Heading into the interview, I look into the car mirror one last time, and adjust my head scarf. Hmm…will they discriminate against me for wearing a headscarf?!
A thought I’ve never had before.
And then I chuckle…and tell myself that I chose to wear the headscarf so that they wouldn’t discriminate against my illness.
My hair coming in patches would betray the secret of what this body had been through this past year.
I look at the resume I have in the folder. I double-check if it’s the updated one. The old one proudly proclaimed my Psychiatric Nurse Practitioner candidacy and my anticipated date of graduation. I should have graduated from that program by now, I should be interviewing for a psychiatric NP job instead.
But here I was with a shorter resume than last year.
I hit delete on my time in the psych np program and backspaced my clinical rotation experiences out of existence, now that it wasn’t going to mean anything yet.
And just like that, I erase all that I tried to accomplish because it’s not complete yet. Knowing to leave it on would mean having the harder conversation.

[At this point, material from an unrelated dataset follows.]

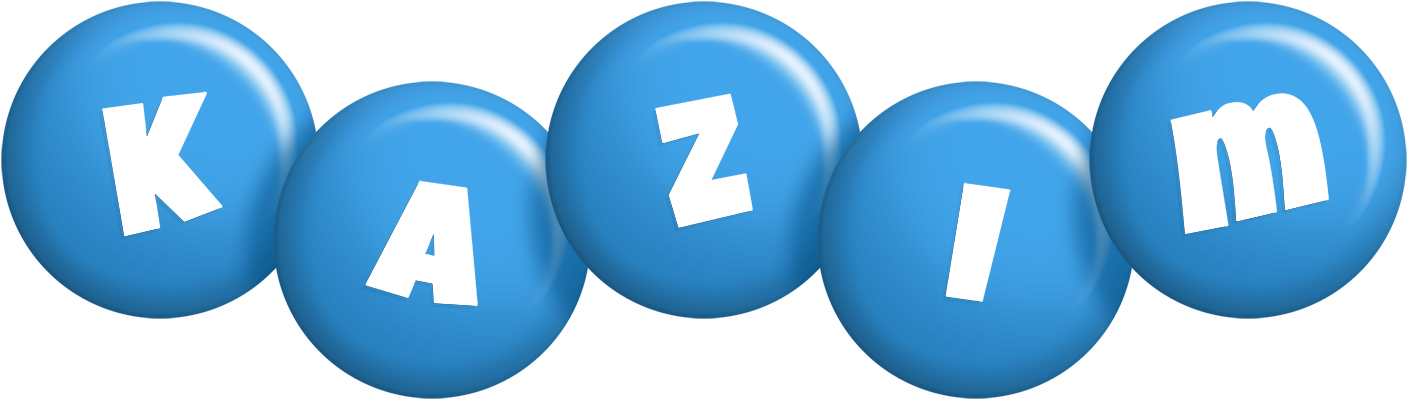 Kazim candy-blue logo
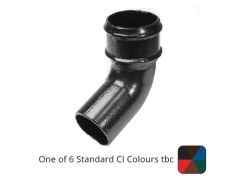 75mm (3") Cast Iron 135 degree Bend without Ears - Pre-Painted Colour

The conversation of when a Healthcare provider becomes a patient for a year.
Our health systems are always looking for providers to be kind, compassionate, and caring. I wonder if the hiring team will extend the same compassion to my situation, or will I be a liability to them? Too recently sick, the possibility of too many medical appointments, too risky for a health recurrence.
Too unpredictable for health systems in which clinicians are supposed to be omnipresent?

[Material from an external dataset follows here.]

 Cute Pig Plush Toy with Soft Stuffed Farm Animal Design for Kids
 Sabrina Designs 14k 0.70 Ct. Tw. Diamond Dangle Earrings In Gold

I get out of the car, catch one last reflection of this new version of me interviewing for a job for the first time after an incredibly medically complex year.
My resume doesn’t quite capture the resilience, flexibility, persistence, hope, tenacity, and temerity last year gave me. How I navigated complex health systems and advocated for my own health. How as a clinician, I have a deep sense of being able to “see” patients as they live with chronic illness and disastrous diagnoses.

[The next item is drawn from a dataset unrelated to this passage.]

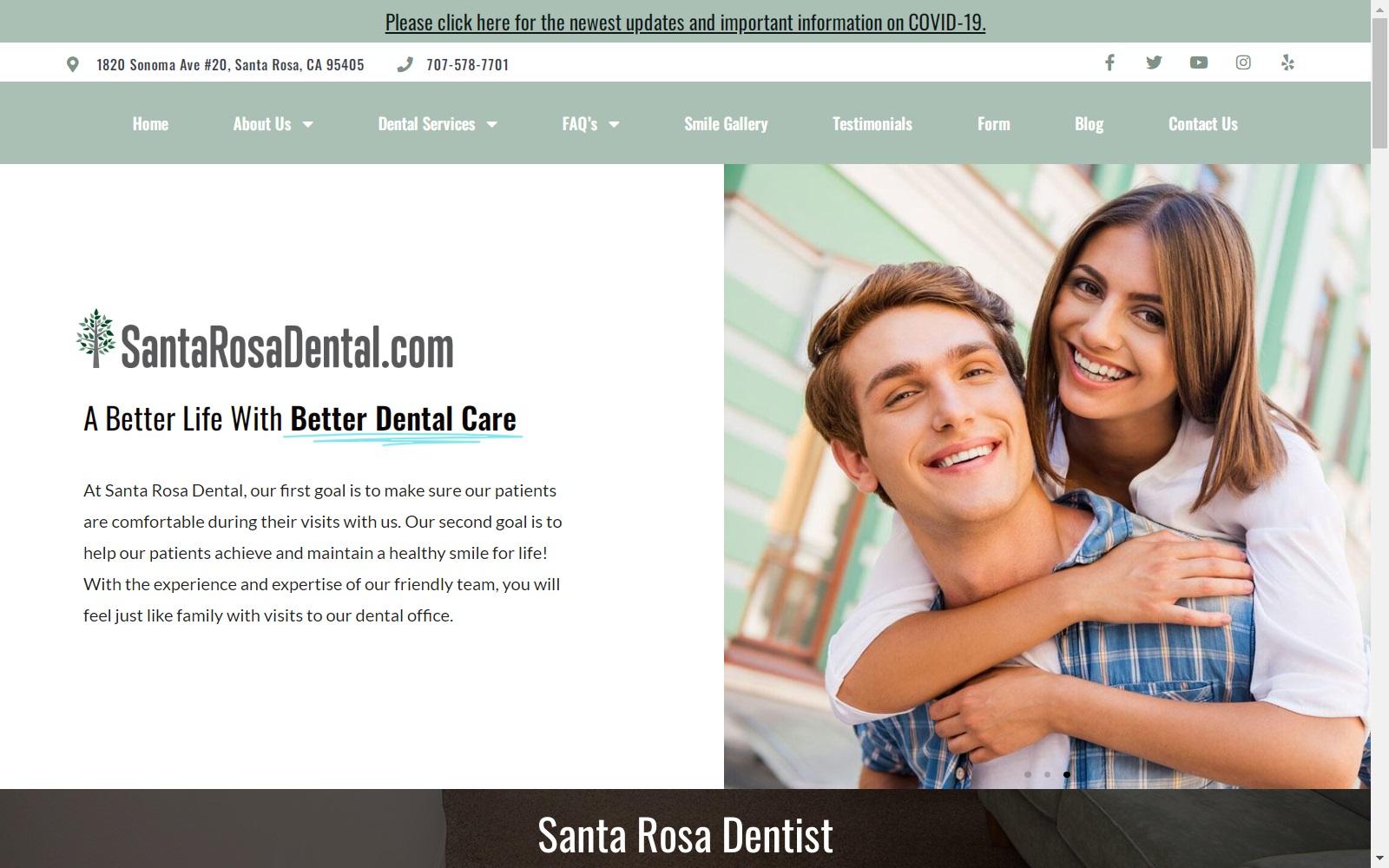 Santa Rosa Dental screenshot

How I coped with insurance as a patient and a provider. How I kept pushing and showing up for work despite treatments that needed recovery. How I gained so much strength and courage from my patients. How this lived experience will impact the way I understand patients and Healthcare systems.
The glorious gap on the resume that can’t be quite explained…yet.
I open the door to the interview office.
One deep breath to settle myself.
“Hello, I’m SC, I’m here to interview with Cassie for the NP role!”